### [Exercise]
Write out the data word for word, taking care that no picture is carried over.

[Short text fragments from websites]
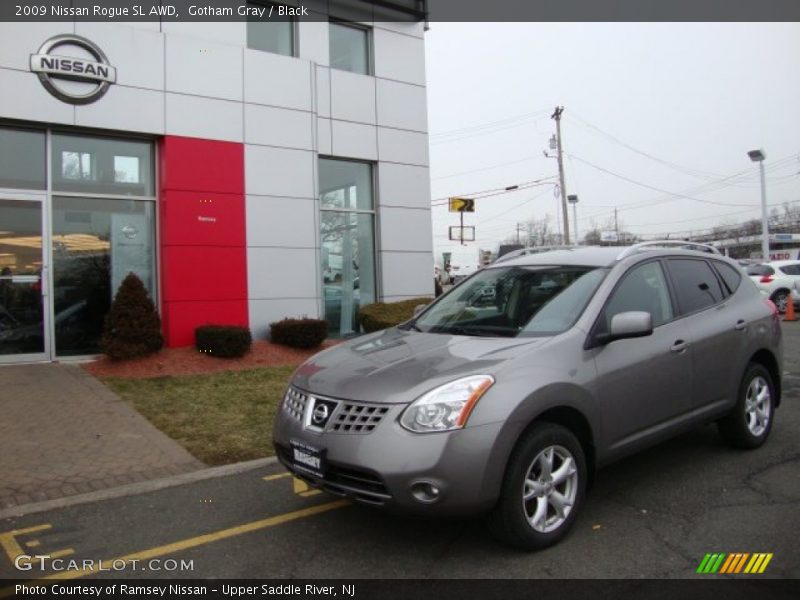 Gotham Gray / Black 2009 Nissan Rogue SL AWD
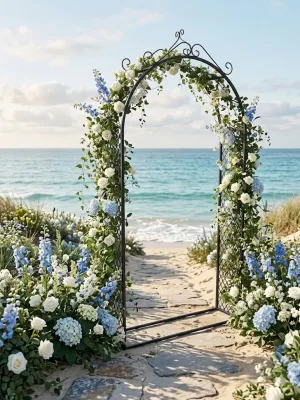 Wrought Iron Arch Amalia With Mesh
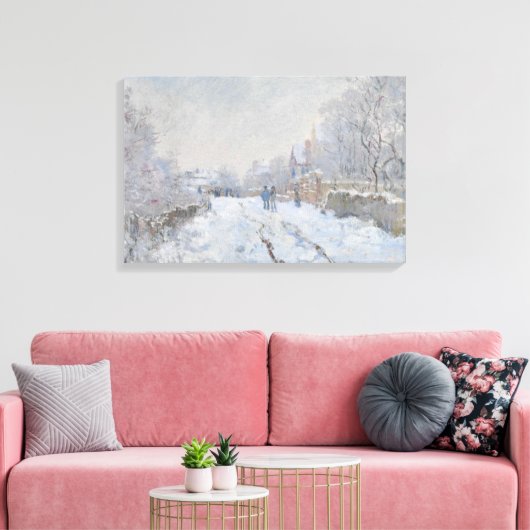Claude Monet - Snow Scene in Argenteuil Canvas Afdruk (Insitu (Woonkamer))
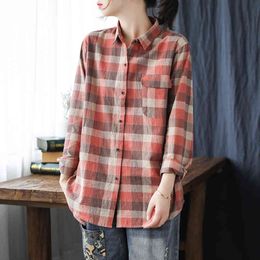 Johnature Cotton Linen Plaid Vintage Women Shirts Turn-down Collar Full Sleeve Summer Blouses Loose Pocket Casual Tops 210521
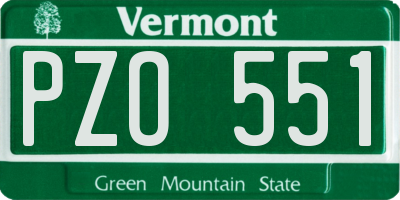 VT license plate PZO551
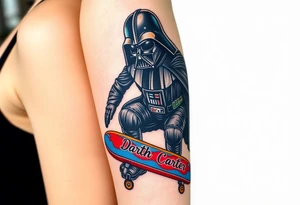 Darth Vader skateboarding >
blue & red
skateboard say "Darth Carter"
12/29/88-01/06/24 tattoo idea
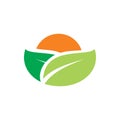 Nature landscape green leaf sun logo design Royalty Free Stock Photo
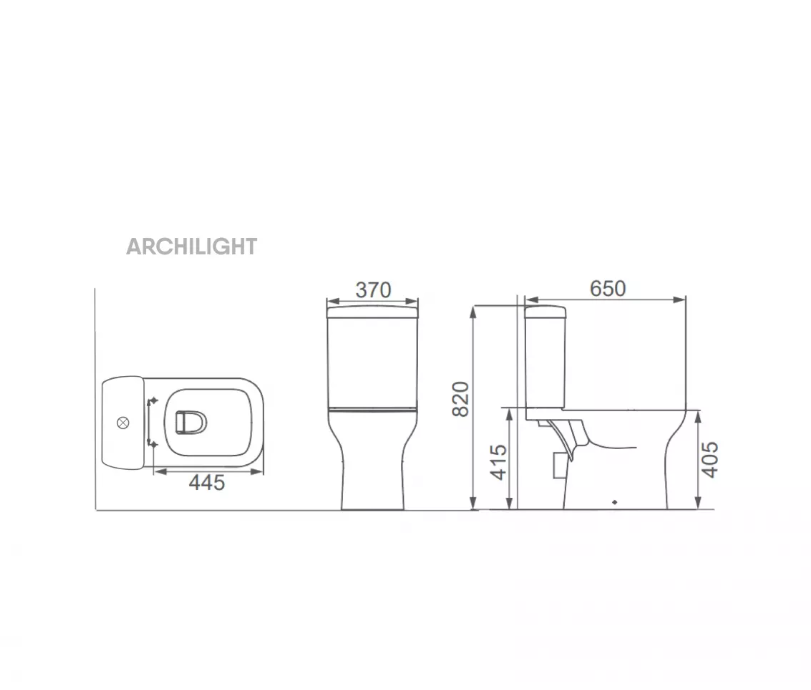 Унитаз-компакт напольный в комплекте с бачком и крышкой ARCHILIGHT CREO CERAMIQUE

### [Written response]
 Gotham Gray / Black 2009 Nissan Rogue SL AWD
 Wrought Iron Arch Amalia With Mesh
Claude Monet - Snow Scene in Argenteuil Canvas Afdruk (Insitu (Woonkamer))
 Johnature Cotton Linen Plaid Vintage Women Shirts Turn-down Collar Full Sleeve Summer Blouses Loose Pocket Casual Tops 210521
 VT license plate PZO551
 Darth Vader skateboarding >
blue & red
skateboard say "Darth Carter"
12/29/88-01/06/24 tattoo idea
 Nature landscape green leaf sun logo design Royalty Free Stock Photo
 Унитаз-компакт напольный в комплекте с бачком и крышкой ARCHILIGHT CREO CERAMIQUE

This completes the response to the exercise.